The ellipses, here, are doing neither Cox nor Spacey any favors. When the interviewer proposes that people who commit sexual crimes shouldn’t be cast in films, Cox deems it “understandable,” but argues that “we live in a free society, so people are allowed to be who they are, and they sometimes push their luck, particularly in the sexual area of life. Not everybody is abusive. I’ve never found Kevin Spacey abusive. He was misguided, certainly, in terms of his sexuality. But that’s to do with him coming to terms with his own sexuality and how he’s dealt with that, and the dilemma that it’s caused in his life. And I think that one is to try to understand where he’s coming from, and what that’s about.”
There are gray areas in human sexuality, to be sure, and in fairness Spacey has never been found liable in court for sexual abuse. He has, however, been accused of sexual assault or misconduct by over 30 men. But Cox frames things differently, and alarmingly. “When you look at the Holocaust, it’s bad and it’s wrong and it should never have happened, that’s obvious. People who did that, they should be cancelled,” he says. “But because you sought to have sex with a few people, that doesn’t necessarily mean you should be cancelled.”
Phew! That would be a pretty tough comparison to make even if Spacey’s father wasn’t an actual “neo-Nazi.” But the go-to defense for Kevin Spacey supporters is to downplay his actions, though typically not in such extreme terms. “Kevin grabbed people by their genitals. Many people. But nobody [has publicly said] he’s raped them or forced them into a sexual encounter. But there’s so much hatred for him because in his case it was man-on-man. That’s why he’s not allowed to come back. Because he offended men,” Sharon Stone is on record as saying (somewhat inaccurately, given that Spacey has been accused in court of drugging and molesting at least one victim). Similarly, Cox himself previously hand-waved the accusations with vague language: “I just think Kevin had certain things which he couldn’t or didn’t admit to, and I think it was a strain on him in many ways. And for me, that was Kevin’s only difficulty,” he told The Hollywood Reporter last year.
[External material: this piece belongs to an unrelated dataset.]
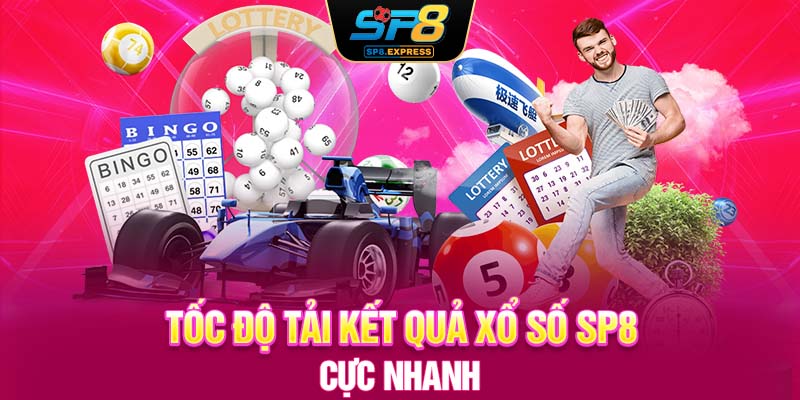 Tốc độ tải kết quả xổ số SP8 cực nhanh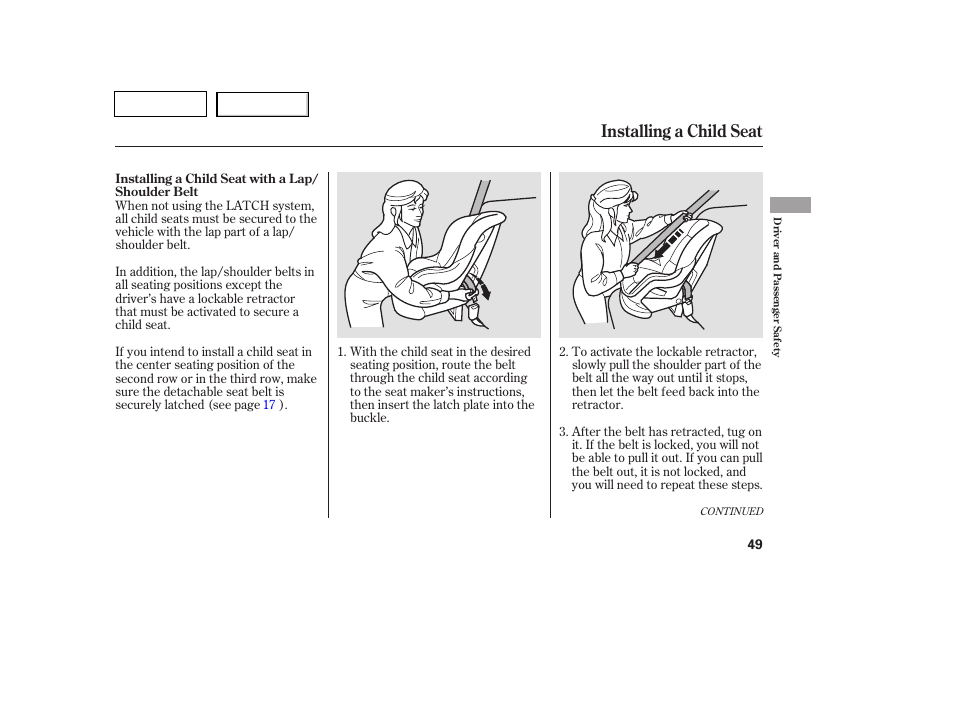 Installing a child seat | HONDA 2007 Pilot - Owner's Manual User Manual | Page 52 / 319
It seems fair to say that Cox is biased towards his “old friend” Kevin. But perhaps he’d champion anyone who has been so-called “cancelled,” so long as they didn’t perpetuate the Holocaust. He really just hates the concept. “We’ve got to an age now where people are going, ‘Oh, that’s bad, he’s out, boom, he’s cancelled,'” he complains. “What do you mean ‘cancelled’? How dare you cancel anybody?”